ASSIGNMENT
Output nothing but the line containing "Do you know" and the lines after it through the end of the material below, each reproduced exactly.

RECORDS SUPPLIED
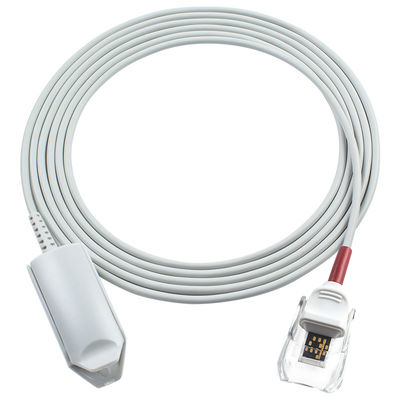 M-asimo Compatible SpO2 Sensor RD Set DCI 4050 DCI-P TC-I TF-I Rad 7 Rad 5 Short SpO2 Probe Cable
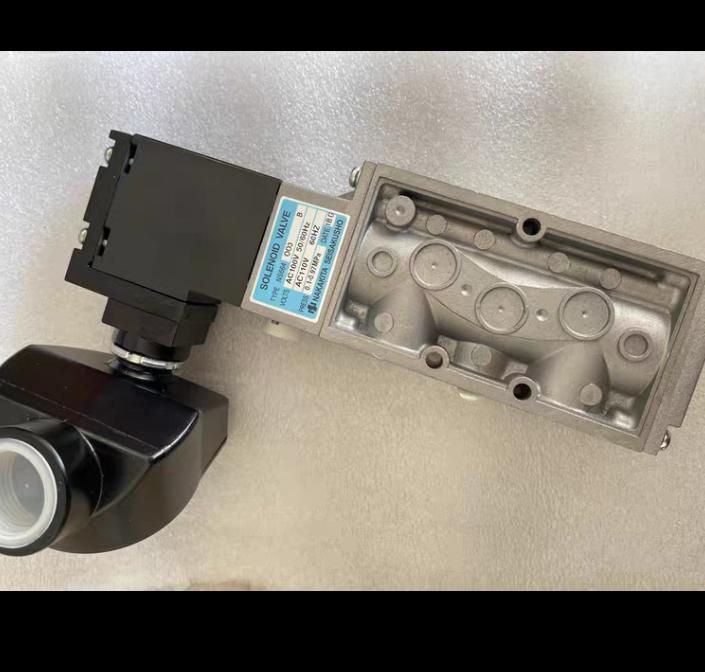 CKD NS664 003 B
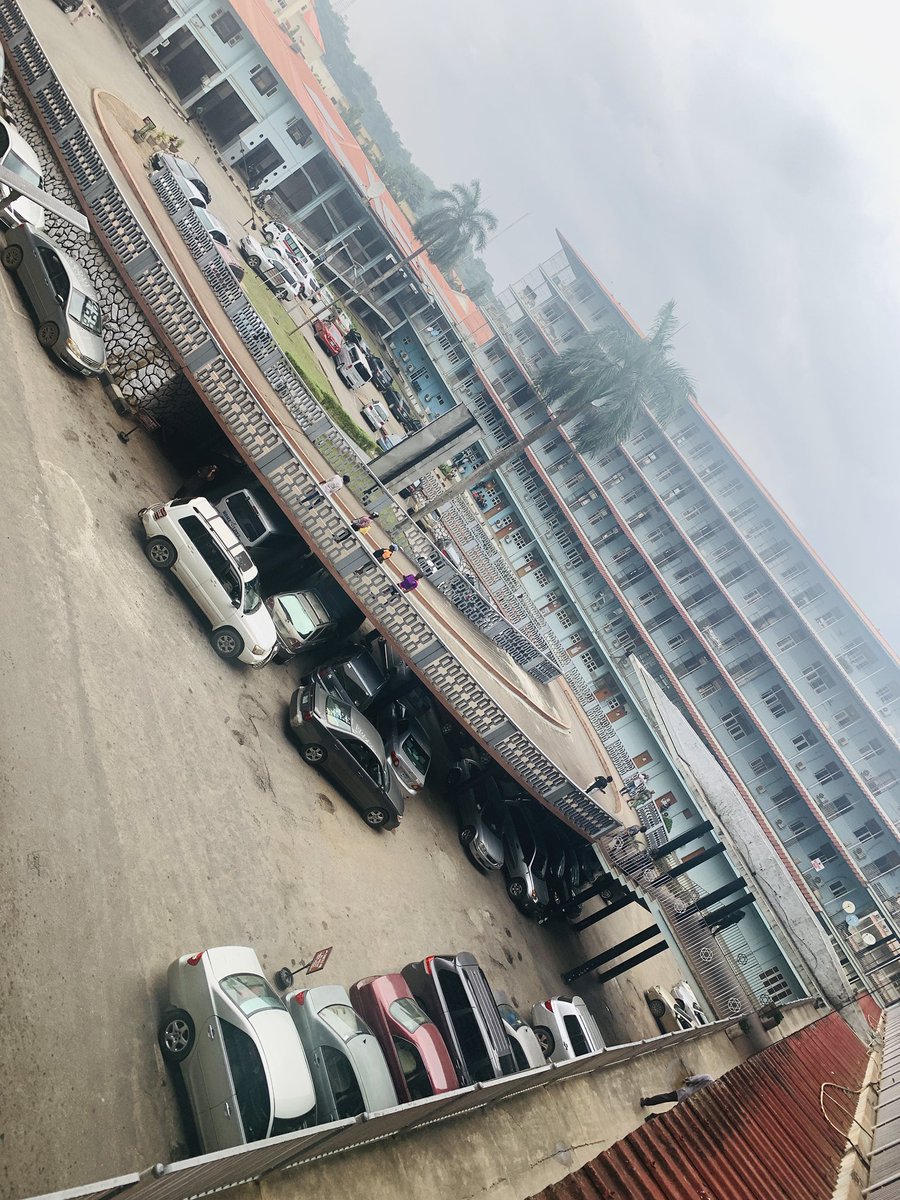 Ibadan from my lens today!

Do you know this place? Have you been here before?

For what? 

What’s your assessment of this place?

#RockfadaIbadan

ANSWER BOX
Do you know this place? Have you been here before?

For what? 

What’s your assessment of this place?

#RockfadaIbadan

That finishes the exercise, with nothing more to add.